Transparence des paiements dans le secteur des matières premières : la proposition schizophrénique du Conseil fédéral
Lausanne/Berne, 25 juin 2014
Dans un rapport sur la transparence des paiements publié en réponse à un postulat de la Commission des affaires extérieures du Conseil national, le Conseil fédéral a reconnu explicitement les signes des temps. Il y relève à juste titre l’importante contribution de la place du négoce helvétique à la malédiction des ressources : « les structures étatiques des pays d’extraction sont souvent défaillantes. Les fonds versés aux gouvernements de ces pays […] peuvent s’évanouir pour des raisons de mauvaise gestion, de corruption ou d’évasion fiscale ou servir à financer un conflit. En conséquence, la population bénéficie peu des retombées économiques et reste victime de la pauvreté. On parle dans ce contexte de "malédiction des matières premières". » Le gouvernement reconnaît également l’utilité de la transparence des paiements effectués aux gouvernements, en particulier dans le négoce des matières premières, en relevant que « l’adoption de dispositions sur la transparence dans le négoce limiterait les risques pour la réputation de la Suisse dans ce domaine, où elle joue un rôle majeur au plan mondial ».
La proposition du Conseil fédéral de ce jour paraît cependant schizophrène. D’un côté, le gouvernement reconnaît les risques relatifs au négoce des matières premières, la responsabilité particulière de la Suisse comme principale place mondiale du négoce et l’utilité des règles relatives à la transparence des paiements. De l’autre, il décide finalement que les règles qu’il prévoit d’introduire « ne s’appliqueront pas aux activités de négoce dans un premier temps ».
La proposition gouvernementale est difficilement compréhensible. En excluant le négoce, elle consiste précisément à ne pas combler la lacune helvétique en matière de transparence dans le secteur mondial des matières premières. Elle se limite (pour l’instant) à des dispositions valables uniquement pour l’industrie extractive. Une telle réglementation est cependant superflue, puisque de tels flux financiers sont déjà couverts par les dispositions légales européennes ou américaines relatives à la transparence des paiements. Comme elles disposent de sociétés mères en Europe ou, plus rarement, parce qu’elles sont cotées aux USA, toutes les grosses sociétés suisses du secteur des matières premières doivent déjà se plier à ces règles de transparence pour ce qui a trait à leurs activités extractives.

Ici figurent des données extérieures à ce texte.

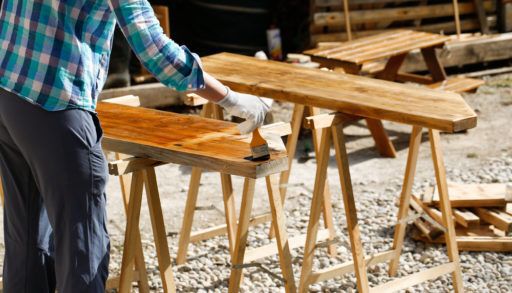 Worker in blue plaid applying stain to wood.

Avec des dispositions légales ainsi limitées, la place helvétique du négoce des matières premières resterait un trou noir. A l’heure actuelle, 74 % du chiffre d’affaires mondial dans le négoce des matières premières est généré par onze sociétés. Toutes disposent d’activités importantes en Suisse ; 45 % du chiffre d’affaires mondial est même le fait de sociétés disposant en Suisse de leur siège principal ou juridique.
Le Conseil fédéral laisse une petite porte ouverte, qui permettra peut-être d’éviter le scandale que serait l’exclusion complète du négoce d’une telle régulation. Il annonce en effet vouloir encore « examiner [cette question] en détail » avant la procédure de consultation et propose de s’attribuer la compétence afin de pouvoir réagir rapidement et, au besoin, modifier les dispositions existantes.
Par leurs règles en matière de transparence des paiements, les USA, l’Europe et d’autres pays cherchent à créer une norme légale internationale du fait de laquelle chaque Dollar acquitté par une société du secteur des matières premières à un gouvernement serait publié. La Suisse a le devoir d’inclure le négoce dans ce contexte. Qu’un paiement effectué à un gouvernement résulte de l’achat d’une licence minière, de l’imposition d’une activité extractive ou de la vente d’une cargaison de pétrole ne fait aucune différence. Seule la transparence de l’ensemble de ces paiements permettrait à la population des Etats concernés de demander des comptes à leur gouvernement sur l’usage de la richesse générée par l’extraction et la vente des ressources naturelles. C’est à cette seule condition que la malédiction des matières premières pourra être endiguée.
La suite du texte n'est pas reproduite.